Swedish artist and businesswoman (1887–1983)

Brita Drewsen (5 May 1887 – 18 September 1983) was a Swedish artist and businesswoman who spent her working life in Denmark, creating household textiles and handicrafts. In 1925, working with the Danish entrepreneur Kaj Dessau, she designed the pioneering interiors of the Copenhagen household furnishings store, now Illums Bolighus, attracting international acclaim. In the 1930s, she collaborated with the weaver Gudrun Clemens, producing rugs, curtains and upholstery at "The Blue Factory" (Den blaa Fabrik) in Lyngby. Together with the designer Bjørn Wiinblad, she created furniture and arranged arts and crafts exhibitions there in the 1970s. Drewsen's early preferences for softly coloured textiles formed an important aspect of Danish design.

==Biography==
Born on 5 May 1887 in Stockholm, Brita Drewsen was the daughter of Ernst Otto Leopold Sjöberg (1859–1938) og Anna Henriette Morell (1866–1963). Brought up by a well-to-do family, she became familiar with modern interior design and furnishings in her Stockholm home. She was introduced to arts and crafts at Stockholm Läns Hemslöjdförening. In 1914, she exhibited her artefacts at an exhibition of Swedish crafts in Copenhagen.

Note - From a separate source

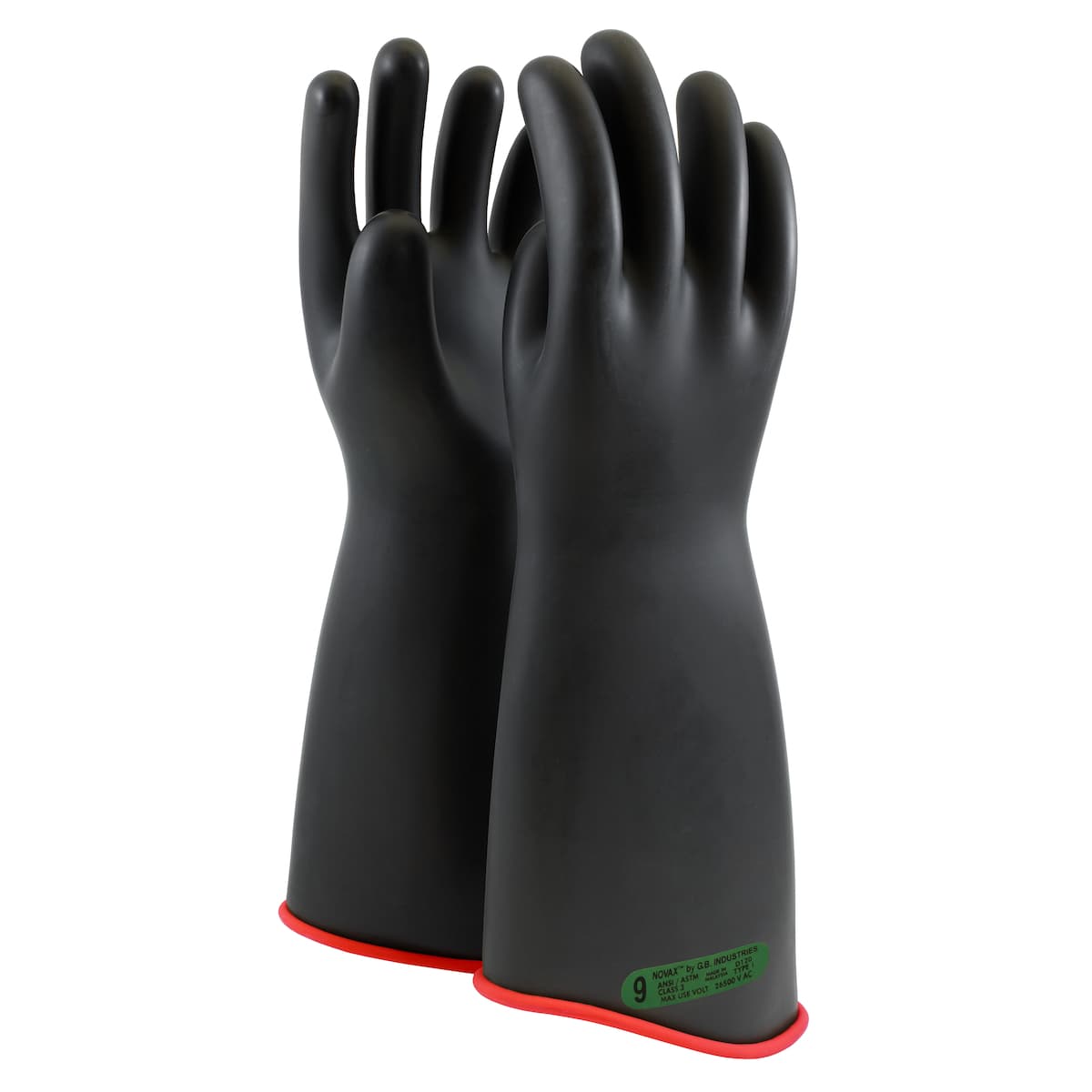NOVAX Class 3 Rubber Insulating Glove with Contour Cuff - 18 inch (162-3-18)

In 1914, Drewsen opened a shop in Copenhagen where she sold Swedish furniture and textiles. When she began to produce her own textiles, she ensured that the fabrics were not only of high quality but that they exhibited aesthetically attractive design features. In 1925, she became the artistic consultant for the entrepreneur Kaj Dessau who in 1928 designed the household furnishings store BO in the centre of Copenhagen, later known as Illums Bolighus. The goods displayed were placed in brightly lit, artistically designed interiors where the furniture and textiles were accompanied by artwork, including sculptures by Kai Nielsen. It was the first time a retail store enjoyed such innovative displays.

Drewsen went on to use natural materials for her own light-coloured textiles and produced carpets together for Haderslev Klædefabrik. Their finely presented patterns made them suitable for use in artistically designed "funkis" homes. Restrictions on imports in the 1930s made it attractive to work with Danish materials. In 1934, she began to collaborate with Gudrun Clemens who had developed a carpet production facility at Den blaa Fabrik (The Blue Factory) in Lyngby with a workforce of 20. Both women had a good sense of business and the same appreciation of design and quality. The factory grew rapidly, producing carpeting, upholstery and household fabrics, purchased by discerning clients. The facility continued operations until 1965 when it moved to Glostrup. The following year, Bjørn Wiinblad moved into what he called "The Blue House" (Det blaa Hus) while Drewsen lived in the "fairy tale house" she had built in the garden. Together they arranged joint exhibitions on the premises and designed furniture together.

Brita Drewsen died in Lundtofte on 18 September 1983.